The problem of finding optimal strategies for the players in ergodic zero-sum Markov games on a general state space was considered by, among others, Ghosh and Bagchi (1998), who assumed that the transition law q has a majorant, i.e., there exists a probability measure $\hat {\nu }$ such that $ q(\cdot |x,a,b)\ge \hat {\nu }(\cdot )$ for all (x, a, b) ∈ K. Then, the solution to the optimality equation is obtained via the Banach fixed point theorem, since due to the aforementioned assumption, one can introduce a contractive operator in the so-called span semi-norm: ∥h∥_sp :=sup_{x ∈ X}h(x) −inf_{x ∈ X}h(x), where $h:X\to \mathbb {R}$ is a bounded Borel function. Nowak (1994) studied Markov games with state-independent transitions and obtained some optimality inequalities using standard vanishing discount factor approach. Finally, the results of Meyn and Tweedie (1994, 2009) and Kartashov (1996) allowed to study other classes of stochastic (Markov or semi-Markov) games satisfying general ergodicity conditions. These assumptions were used to prove the existence of the game value with the average payoff criteria and the existence of optimal strategies for the players in games with unbounded payoff functions (see Jaśkiewicz 2002; Vega-Amaya 2003 or Jaśkiewicz and Nowak 2006; Küenle 2007, and references cited therein). For instance, the first two papers mentioned above deal with semi-Markov zero-sum games with setwise continuous transition probabilities. The payoffs and transitions in Jaśkiewicz (2002) and Vega-Amaya (2003) need not be continuous with respect to the state variable. Within such a framework, the authors proved that the optimality equation has a solution, there exists a value of the game, and both players possess optimal stationary strategies. However, the proofs in these papers are based on different methods. For instance, Jaśkiewicz (2002) analyzes auxiliary perturbed models, whereas Vega-Amaya (2003) makes use of a fixed point theorem, which directly leads to a solution of the optimality equation. Moreover, neither of these works deals with the time average payoff criterion.

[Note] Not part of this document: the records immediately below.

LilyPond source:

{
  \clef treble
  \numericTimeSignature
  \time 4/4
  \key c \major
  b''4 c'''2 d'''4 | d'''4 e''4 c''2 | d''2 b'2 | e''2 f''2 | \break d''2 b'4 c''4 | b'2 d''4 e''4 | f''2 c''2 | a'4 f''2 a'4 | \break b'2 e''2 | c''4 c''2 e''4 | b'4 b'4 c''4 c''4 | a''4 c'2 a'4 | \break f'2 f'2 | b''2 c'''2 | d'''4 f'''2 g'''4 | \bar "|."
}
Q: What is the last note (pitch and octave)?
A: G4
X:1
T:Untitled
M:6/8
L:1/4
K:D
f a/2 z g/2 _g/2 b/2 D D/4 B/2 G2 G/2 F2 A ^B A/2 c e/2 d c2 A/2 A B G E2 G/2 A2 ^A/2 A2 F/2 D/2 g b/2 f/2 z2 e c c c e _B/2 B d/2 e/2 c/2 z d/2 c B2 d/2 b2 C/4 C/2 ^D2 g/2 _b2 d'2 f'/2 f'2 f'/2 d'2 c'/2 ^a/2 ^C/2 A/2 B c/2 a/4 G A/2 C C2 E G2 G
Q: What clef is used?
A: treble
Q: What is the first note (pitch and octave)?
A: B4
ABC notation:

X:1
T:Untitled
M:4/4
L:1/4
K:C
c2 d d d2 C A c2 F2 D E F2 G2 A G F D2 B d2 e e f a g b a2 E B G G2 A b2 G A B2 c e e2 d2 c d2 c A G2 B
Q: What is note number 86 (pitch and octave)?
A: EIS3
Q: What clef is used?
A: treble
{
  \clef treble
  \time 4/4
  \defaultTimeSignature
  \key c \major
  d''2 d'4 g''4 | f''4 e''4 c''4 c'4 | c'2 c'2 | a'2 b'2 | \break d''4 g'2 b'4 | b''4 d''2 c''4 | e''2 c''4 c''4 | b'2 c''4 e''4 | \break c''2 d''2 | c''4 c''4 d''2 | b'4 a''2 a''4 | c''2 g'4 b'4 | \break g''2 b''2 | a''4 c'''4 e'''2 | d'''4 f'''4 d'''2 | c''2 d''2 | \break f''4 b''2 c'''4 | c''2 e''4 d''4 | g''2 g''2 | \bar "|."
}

Jaśkiewicz and Nowak (2006) and Küenle (2007), on the other hand, examine Markov games with weakly continuous transition probabilities. Jaśkiewicz and Nowak (2006) proved that such a Markov game has a value and both players have optimal stationary strategies. Their approach relies on applying Fatou’s lemma for weakly convergent measures, which in turn leads to the optimality inequalities instead of the optimality equation. Moreover, the proof employs Michael’s theorem on a continuous selection. A completely different approach was presented by Küenle (2007). Under slightly weaker assumptions, he introduced certain contraction operators that lead to a parameterized family of functional equations. Making use of some continuity and monotonicity properties of the solutions to these equations (with respect to the parameter), he obtained a lower semicontinuous solution to the optimality equation.

Remark 8

Jaśkiewicz (2009) and Küenle (2007) imposed a weaker version of basic assumption (C10). In particular, they assumed that the payoff function u is lower semicontinuous, A(x) is a complete metric space, and the mapping x → A(x) is lower semicontinuous, while the correspondence x → B(x) is upper semicontinuous and B(x) is a compact metric space. Then, it was shown that the game has a value and the second player has an optimal stationary strategy, whereas the first player has an 𝜖-optimal stationary strategy for any 𝜖 > 0.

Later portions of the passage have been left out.